***** Record set *****

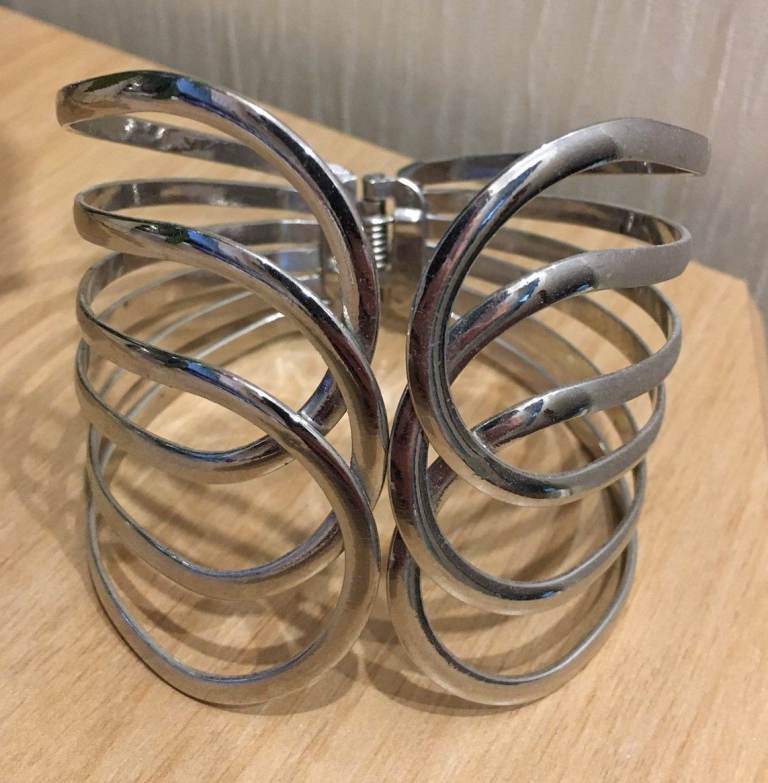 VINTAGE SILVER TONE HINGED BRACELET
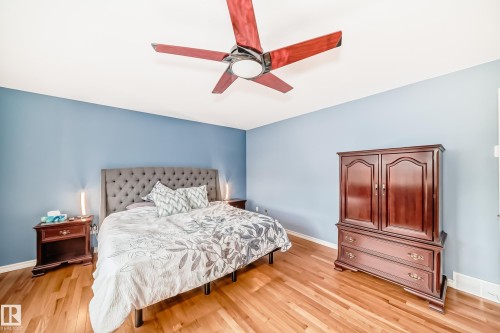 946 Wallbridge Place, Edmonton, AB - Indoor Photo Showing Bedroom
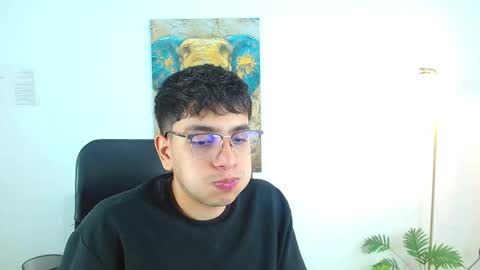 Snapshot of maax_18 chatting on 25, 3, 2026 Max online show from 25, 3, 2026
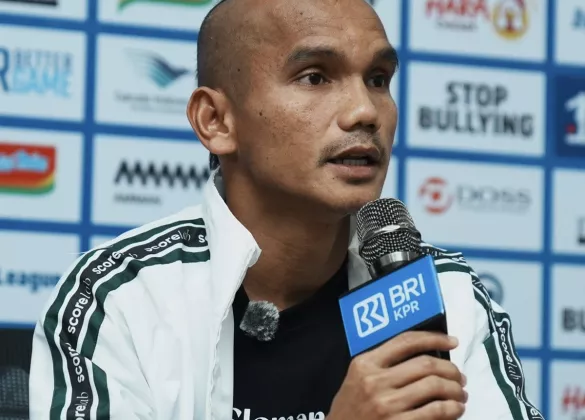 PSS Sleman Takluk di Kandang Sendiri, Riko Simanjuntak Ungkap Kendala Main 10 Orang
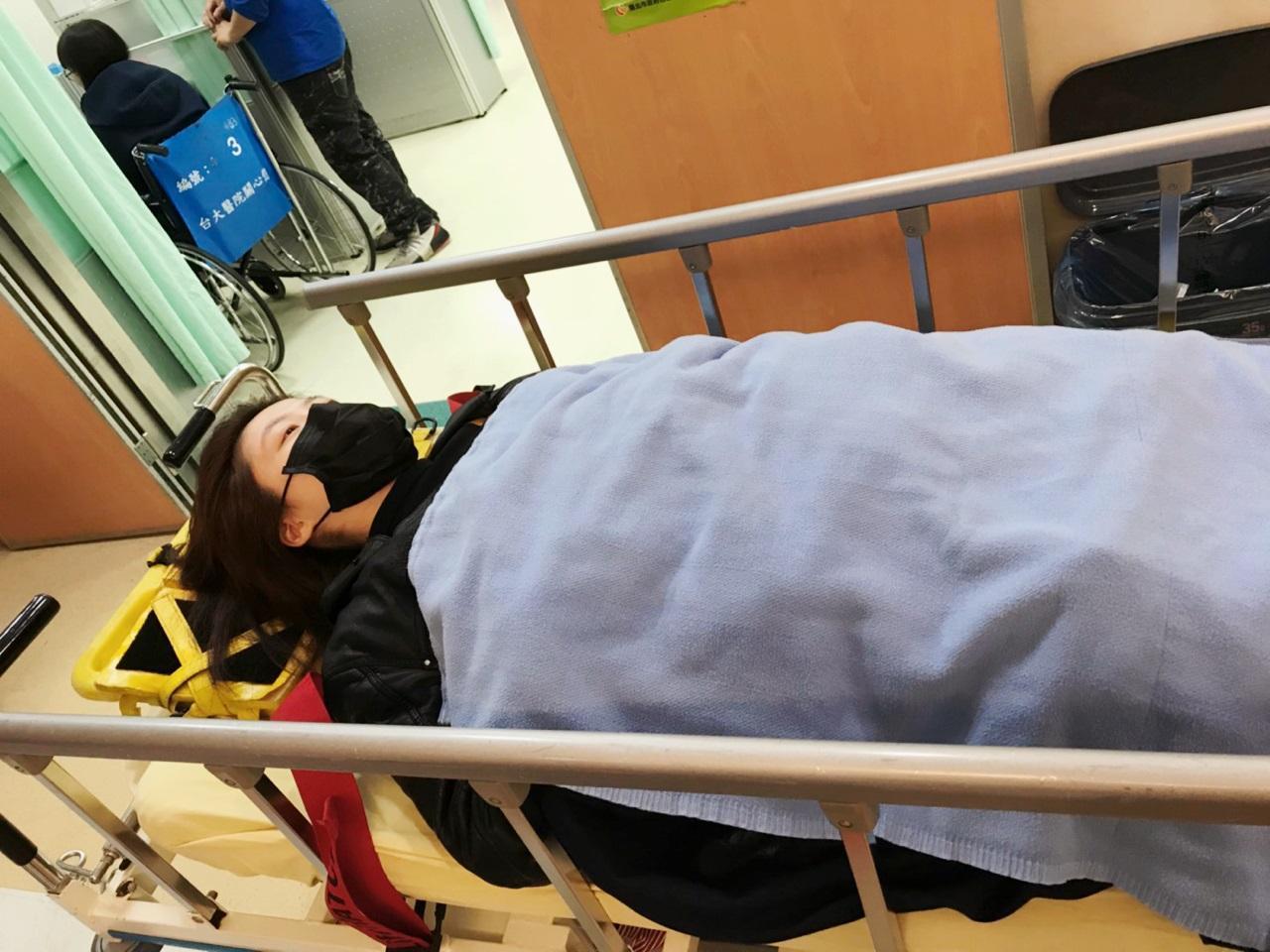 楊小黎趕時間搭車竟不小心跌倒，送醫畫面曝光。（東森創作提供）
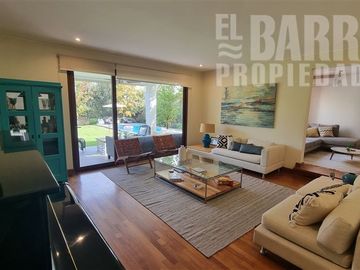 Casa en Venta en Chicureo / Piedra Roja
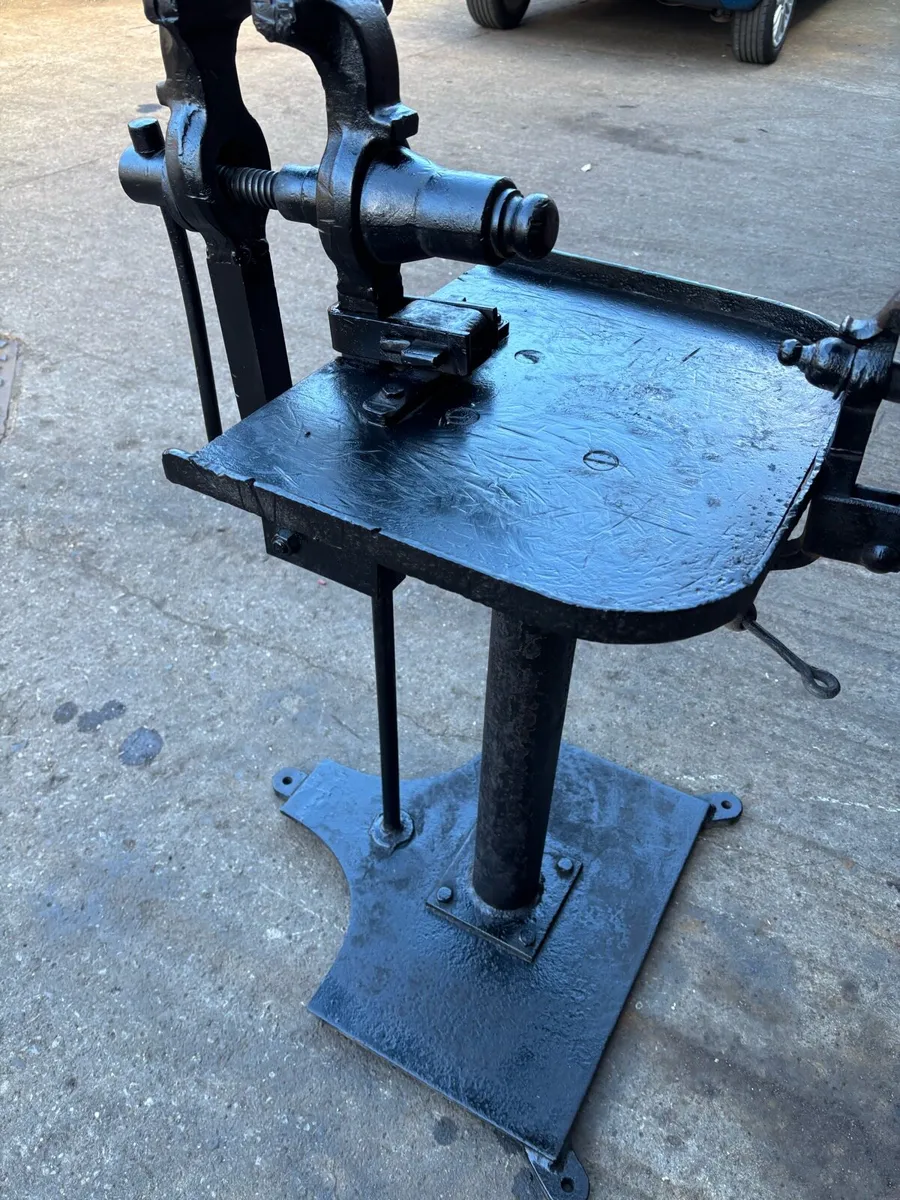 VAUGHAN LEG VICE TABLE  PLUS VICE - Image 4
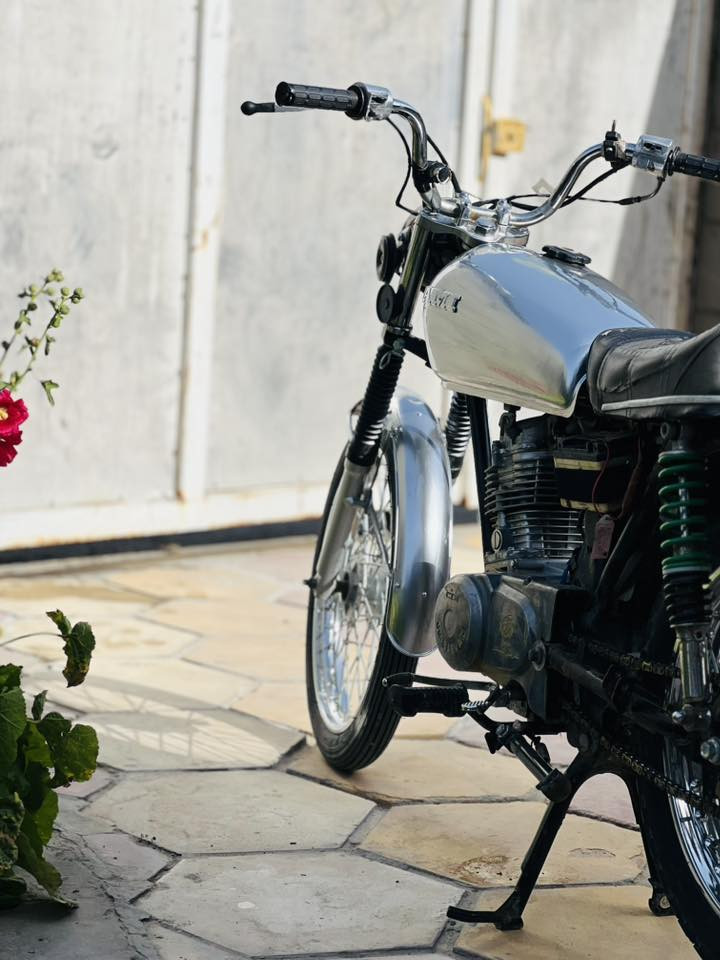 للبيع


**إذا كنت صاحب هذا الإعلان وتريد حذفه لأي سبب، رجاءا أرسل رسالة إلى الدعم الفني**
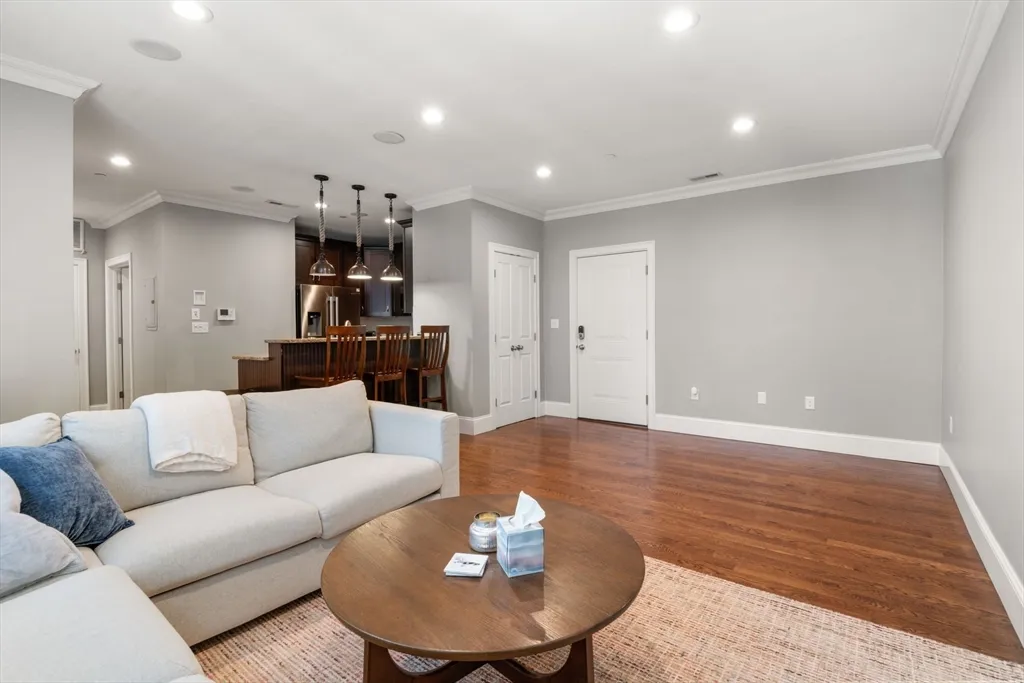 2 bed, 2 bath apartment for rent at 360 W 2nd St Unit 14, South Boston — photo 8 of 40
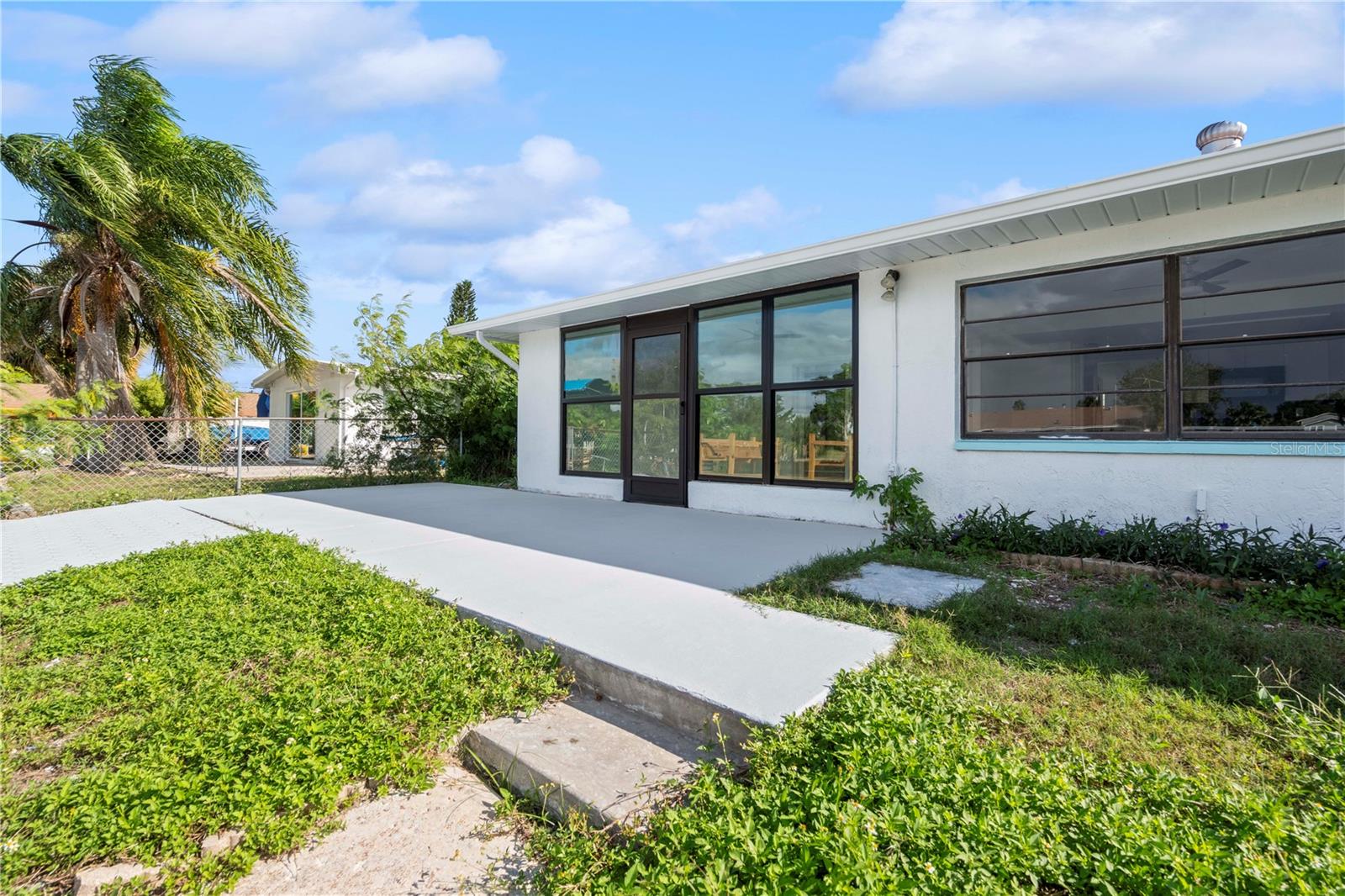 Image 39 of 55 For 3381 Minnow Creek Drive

*****

> Exercise aim:
Each line from the start of the entries above through the line with "Casa en Venta en Chicureo / Piedra Roja" should be duplicated exactly, leaving out the pictures.

> Response for this exercise:
 VINTAGE SILVER TONE HINGED BRACELET
 946 Wallbridge Place, Edmonton, AB - Indoor Photo Showing Bedroom
 Snapshot of maax_18 chatting on 25, 3, 2026 Max online show from 25, 3, 2026
 PSS Sleman Takluk di Kandang Sendiri, Riko Simanjuntak Ungkap Kendala Main 10 Orang
 楊小黎趕時間搭車竟不小心跌倒，送醫畫面曝光。（東森創作提供）
 Casa en Venta en Chicureo / Piedra Roja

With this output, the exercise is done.